Activity: Given the records below, would you repeat exactly the lines that begin at the one containing "Food news logo" and end at the one containing "King Size Platform", inclusive?

Data records:
····················

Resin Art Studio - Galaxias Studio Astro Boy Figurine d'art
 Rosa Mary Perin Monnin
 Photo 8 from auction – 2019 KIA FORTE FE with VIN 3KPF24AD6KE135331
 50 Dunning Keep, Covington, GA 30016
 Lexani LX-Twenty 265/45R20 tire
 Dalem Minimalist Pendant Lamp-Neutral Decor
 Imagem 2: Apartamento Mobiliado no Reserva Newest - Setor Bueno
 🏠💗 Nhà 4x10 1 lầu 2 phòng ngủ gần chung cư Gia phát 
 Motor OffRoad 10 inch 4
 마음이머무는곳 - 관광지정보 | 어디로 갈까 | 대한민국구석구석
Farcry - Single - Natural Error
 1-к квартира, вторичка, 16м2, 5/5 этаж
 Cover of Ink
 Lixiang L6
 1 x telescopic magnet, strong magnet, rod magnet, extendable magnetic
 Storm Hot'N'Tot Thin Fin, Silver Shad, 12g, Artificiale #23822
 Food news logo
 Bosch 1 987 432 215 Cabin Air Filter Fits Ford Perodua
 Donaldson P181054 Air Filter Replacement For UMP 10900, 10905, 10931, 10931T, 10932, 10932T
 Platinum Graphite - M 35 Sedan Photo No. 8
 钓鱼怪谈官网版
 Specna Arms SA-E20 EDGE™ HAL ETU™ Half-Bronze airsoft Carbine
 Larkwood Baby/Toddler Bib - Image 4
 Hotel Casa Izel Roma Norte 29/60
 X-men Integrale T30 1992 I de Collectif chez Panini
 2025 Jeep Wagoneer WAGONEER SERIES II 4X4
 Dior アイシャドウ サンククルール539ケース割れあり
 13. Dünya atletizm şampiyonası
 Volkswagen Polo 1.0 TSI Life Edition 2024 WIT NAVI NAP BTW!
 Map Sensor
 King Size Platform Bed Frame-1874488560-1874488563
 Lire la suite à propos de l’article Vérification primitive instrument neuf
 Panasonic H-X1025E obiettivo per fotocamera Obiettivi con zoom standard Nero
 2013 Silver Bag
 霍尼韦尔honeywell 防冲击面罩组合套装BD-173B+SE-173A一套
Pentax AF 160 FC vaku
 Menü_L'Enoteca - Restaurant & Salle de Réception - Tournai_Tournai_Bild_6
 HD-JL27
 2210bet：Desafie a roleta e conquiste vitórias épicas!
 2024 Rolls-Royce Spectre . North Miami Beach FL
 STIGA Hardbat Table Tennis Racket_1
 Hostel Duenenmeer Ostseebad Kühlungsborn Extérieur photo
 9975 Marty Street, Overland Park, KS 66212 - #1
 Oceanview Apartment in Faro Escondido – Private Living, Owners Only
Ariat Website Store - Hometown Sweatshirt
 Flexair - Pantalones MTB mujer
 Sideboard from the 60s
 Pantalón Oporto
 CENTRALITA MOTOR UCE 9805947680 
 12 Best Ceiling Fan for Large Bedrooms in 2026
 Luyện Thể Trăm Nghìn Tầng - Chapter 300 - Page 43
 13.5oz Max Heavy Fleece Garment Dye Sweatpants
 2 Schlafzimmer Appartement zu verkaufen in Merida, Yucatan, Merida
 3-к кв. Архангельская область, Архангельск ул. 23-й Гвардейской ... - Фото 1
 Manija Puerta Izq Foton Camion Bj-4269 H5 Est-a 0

····················

Output below:
 Food news logo
 Bosch 1 987 432 215 Cabin Air Filter Fits Ford Perodua
 Donaldson P181054 Air Filter Replacement For UMP 10900, 10905, 10931, 10931T, 10932, 10932T
 Platinum Graphite - M 35 Sedan Photo No. 8
 钓鱼怪谈官网版
 Specna Arms SA-E20 EDGE™ HAL ETU™ Half-Bronze airsoft Carbine
 Larkwood Baby/Toddler Bib - Image 4
 Hotel Casa Izel Roma Norte 29/60
 X-men Integrale T30 1992 I de Collectif chez Panini
 2025 Jeep Wagoneer WAGONEER SERIES II 4X4
 Dior アイシャドウ サンククルール539ケース割れあり
 13. Dünya atletizm şampiyonası
 Volkswagen Polo 1.0 TSI Life Edition 2024 WIT NAVI NAP BTW!
 Map Sensor
 King Size Platform Bed Frame-1874488560-1874488563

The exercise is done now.